LIU Hao edited this page Jan 18, 2024 · 33 revisions

The Motivation

The assembly language for x86 and x86-64 involves two major variations of syntax: the Microsoft assembler (MASM) syntax and the GNU assembler (GAS) syntax. The MASM syntax, also known as the Intel syntax, is prescriptive in Intel Software Developer Manual, and is used extensively by many non-GNU tools.
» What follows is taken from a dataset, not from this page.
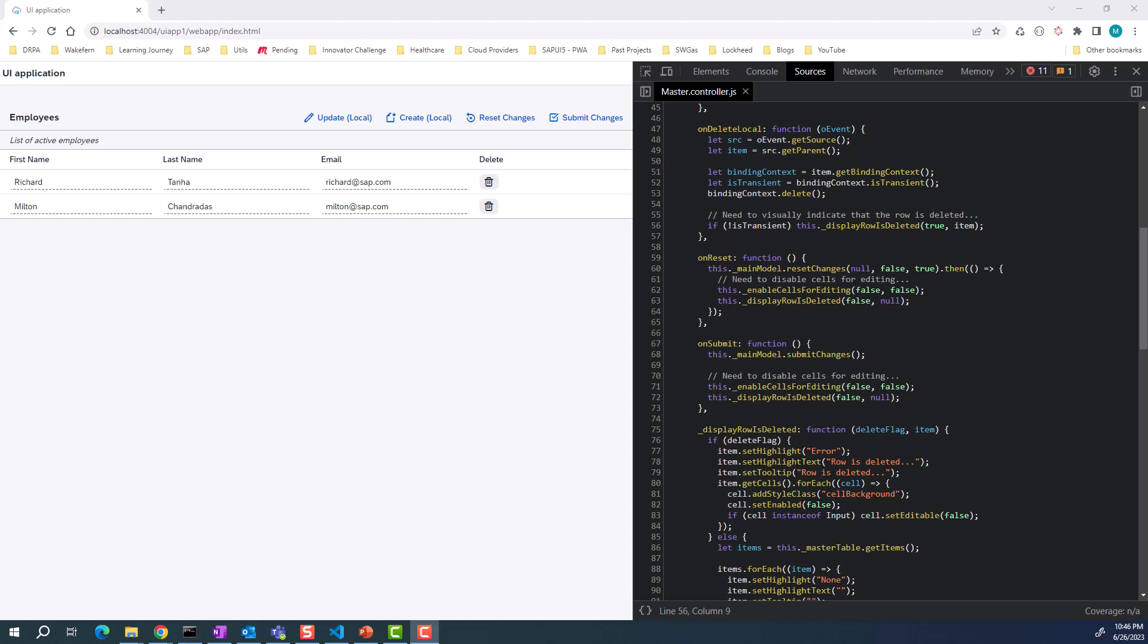Hello, everyone. Today, I'd like to show how you can build this simple SAPUI5 application. This is an application that you would run into in many of your customer projects.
The GNU syntax, also known as the AT&T syntax, derives from PDP-11 assembly to create Unix, and is default and dominant in the post-Unix world.
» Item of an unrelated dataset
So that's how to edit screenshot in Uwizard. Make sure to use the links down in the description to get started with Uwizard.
The advantages of the MASM syntax are:

  1. It looks more modern, closer to many other assembly languages, such as ARM, MIPS and RISC-V.
  2. It is the syntax in Intel and AMD documentation.

The disadvantages of the MASM syntax are:

  1. MASM is proprietary software.
  2. The syntax has not been formally defined, and causes ambiguity sometimes.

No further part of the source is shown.